The first thing is that anaconda has to be in the system PATH. Otherwise Python libraries would not download due to SSL verification problems. When you manage to solve that issue, a free way to creating explainer lays in front of you. Just specify a path to .yml file. Do not bother about the virtual env name, it is defined in the header of .yml file. condaenv
argument will be omitted when yml
specified and OS is windows.
explainer_scikit_2 <- explain_scikitlearn(pkl_gbm, yml = yml, data = titanic_test_X,
y = titanic_test_y, colorize = FALSE)
explainer_keras_2 <- explain_keras(pkl_keras, condaenv = "myenv", data = pima_indians_diabets_X,
y = pima_indians_diabets_y, colorize = FALSE)
It is recommended to pass path where Anaconda may be found (eg. ./anaconda3) along with yml file path. condaenv
argument should be used for this purpose. Therefore, when yml
argument is specified and OS is Unix, condaenv
means path to conda. If user left condaenv
as NULL, DALEXtra will try to look for Anaconda on it’s own.
explainer_scikit_3 <- explain_scikitlearn(pkl_gbm, yml = yml, condaenv = "/home/user/anaconda", data = titanic_test_X, y = titanic_test_y)
This is probably the most common problem, any user can meet during usage of DALXtra
. It is being thrown when packages specified in .yml are not available from channels you have specified. There are some ways of fixing it.
When .yml is exported, it saves not only the main version (eg. 1.16.4) but specific OS related version as well (eg. py36h19fb1c0_0). This way, when you are trying to rebuild env using a different machine, a lot of problems may occur. The easiest way to fix it, is to remove that statement.

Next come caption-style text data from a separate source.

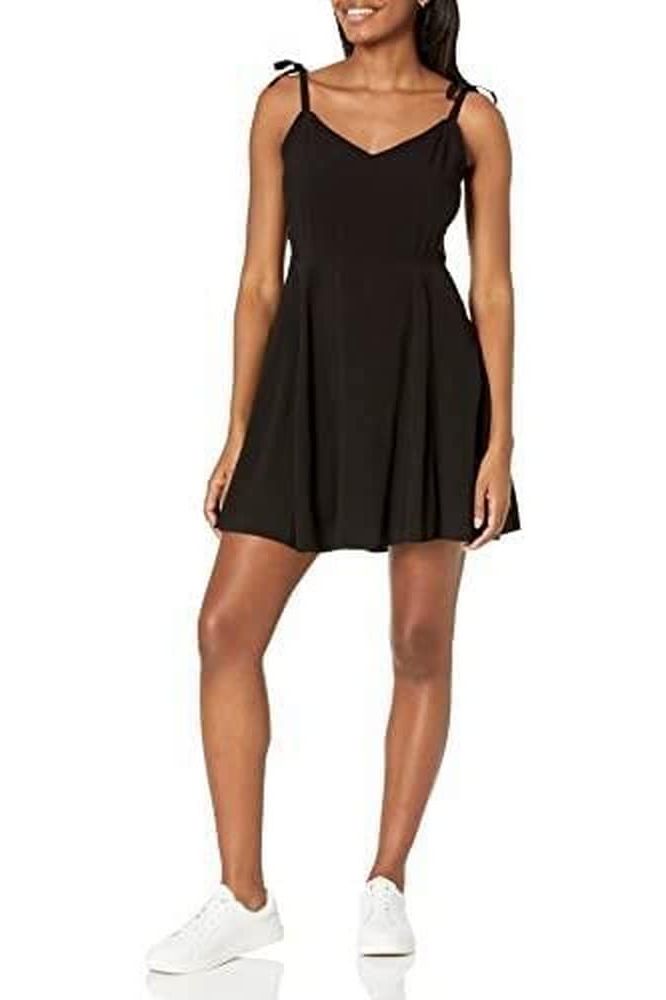  Same Day Delivery Items Prime Black Dresses For Women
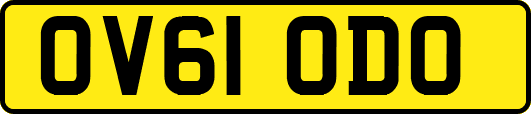 OV61ODO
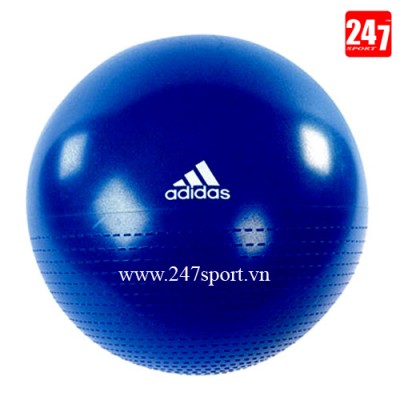 Bóng tập yoga Adidas ADBL 12248 75cm chính hãng giá rẻ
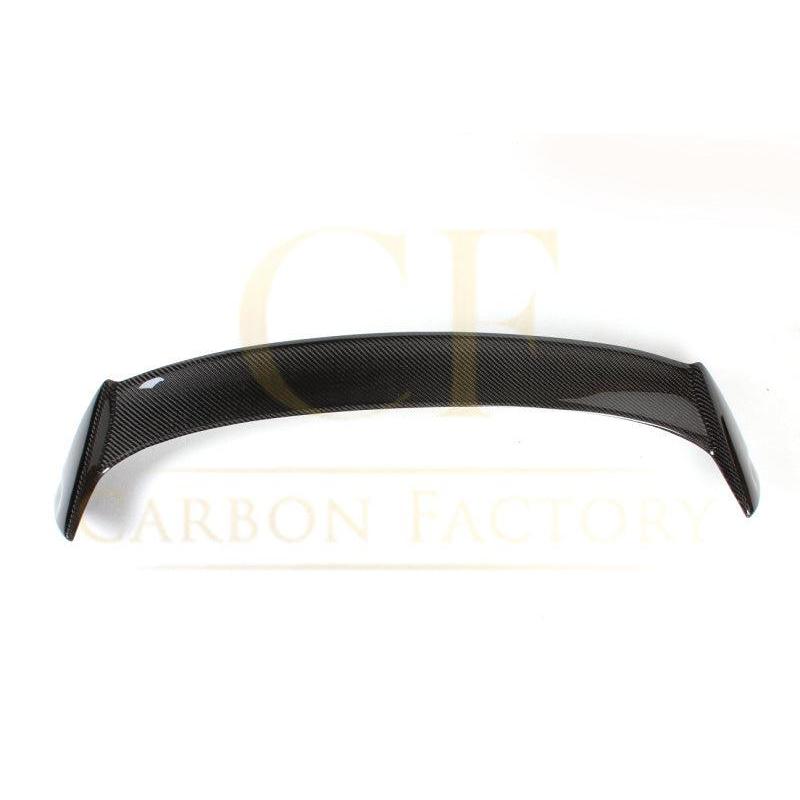 OSIR Style Carbon Fibre Roof Spoiler for VW Scirocco 09-14-Carbon Factory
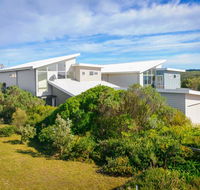 Anchors Beach House - Accommodation Perth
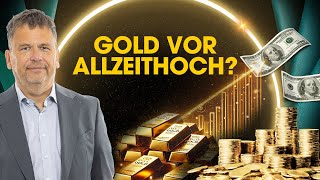 Goldexperte Bußler: Unterschätzte Turnaround-Chance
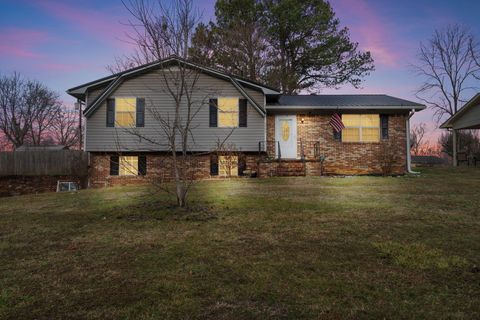 Homes For Sale - 3545 Tacoma Street<br/> Cleveland, TN 37312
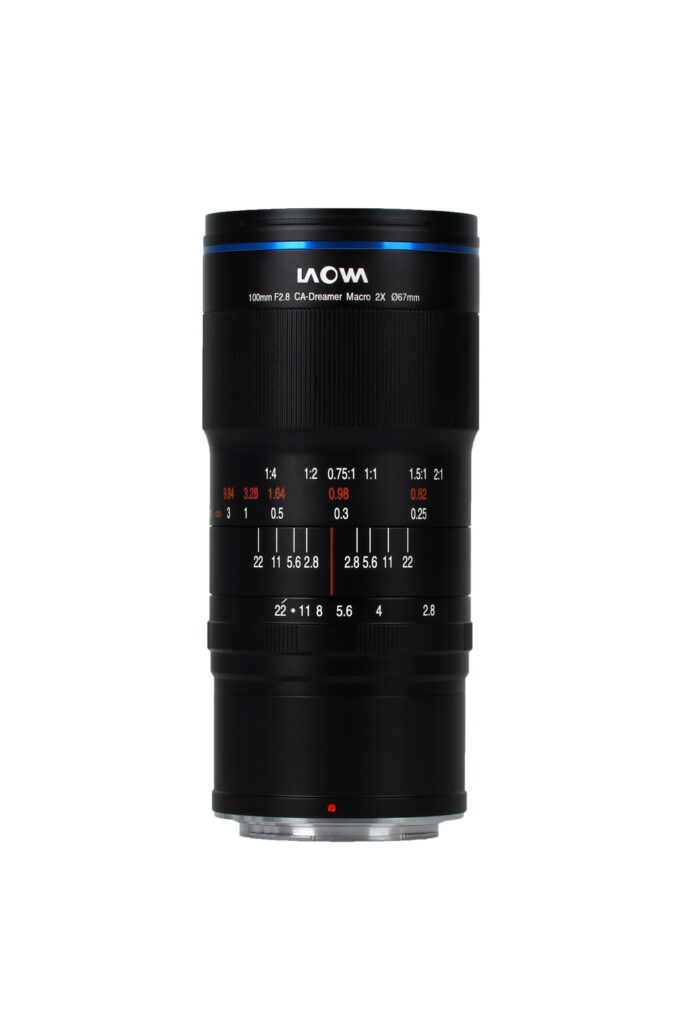 100mm F2.8 2:1 Ultra Macro APO Canon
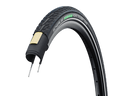 SCHWALBE ROAD CRUISER 26 x 1.75 - Green Compound I K - guard - SCHWALBE - Evelostore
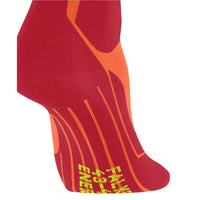 Falke Heren Beenmode SK Compression Energy Heren Skiing Kniekousen16567 - Jambelles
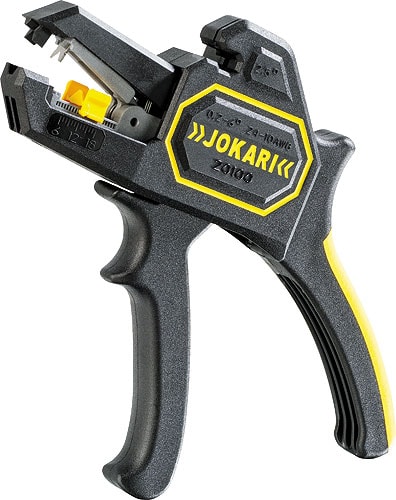 Abisolierzange AS-Interface Special 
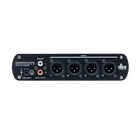 DI4 | Active 4 Channel Direct Box with Line Mixer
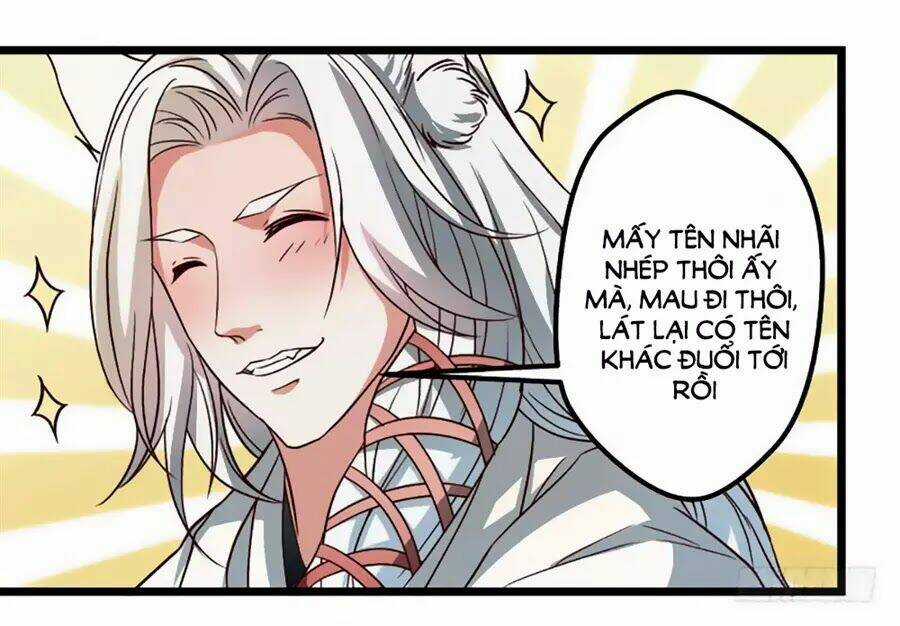 Liêu Liêu Nhân Thân Tu Tiên Truyện Chapter 71 trang 139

R/win-library/3.6/DALEXtra/extdata/scikitlearn.yml
name: myenv
channels:
- defaults
dependencies:
- blas=1.0=mkl
- certifi=2019.6.16=py36_0
- icc_rt=2019.0.0=h0cc432a_1
- intel-openmp=2019.4=245
- joblib=0.13.2=py36_0
- mkl=2019.4=245
- mkl-service=2.0.2=py36he774522_0
- mkl_fft=1.0.12=py36h14836fe_0
- mkl_random=1.0.2=py36h343c172_0
- numpy=1.16.4=py36h19fb1c0_0
- numpy-base=1.16.4=py36hc3f5095_0
- pip=19.1.1=py36_0
- python=3.6.8=h9f7ef89_7
- scikit-learn=0.21.2=py36h6288b17_0
- scipy=1.2.1=py36h29ff71c_0
- setuptools=41.0.1=py36_0
- six=1.12.0=py36_0
- sqlite=3.28.0=he774522_0
- vc=14.1=h0510ff6_4
- vs2015_runtime=14.15.26706=h3a45250_4
- wheel=0.33.4=py36_0
- wincertstore=0.2=py36h7fe50ca_0
- pandas=0.24.2
- keras=2.2.4
R/win-library/3.6/DALEXtra/extdata/scikitlearn_unix.yml
name: myenv
channels:
- defaults
dependencies:
- blas=1.0=mkl
- certifi=2019.6.16
- intel-openmp
- joblib=0.13.2
- mkl=2019.4
- mkl-service=2.0.2
- mkl_fft=1.0.12
- mkl_random=1.0.2
- numpy=1.16.4
- numpy-base=1.16.4
- pip=19.1.1
- python=3.6.8
- scikit-learn=0.21.2
- scipy=1.2.1
- setuptools=41.0.1
- six=1.12.0
- sqlite=3.28.0
- wheel=0.33.4
- pandas=0.24.2
- keras=2.2.4
as it may be seen, not only a specific version but some packages disappeared as well. It is because some libraries are necessary only for Windows, and some only for Unix. In order to determine which packages you should remove, look at the error message, with what packages there is a problem.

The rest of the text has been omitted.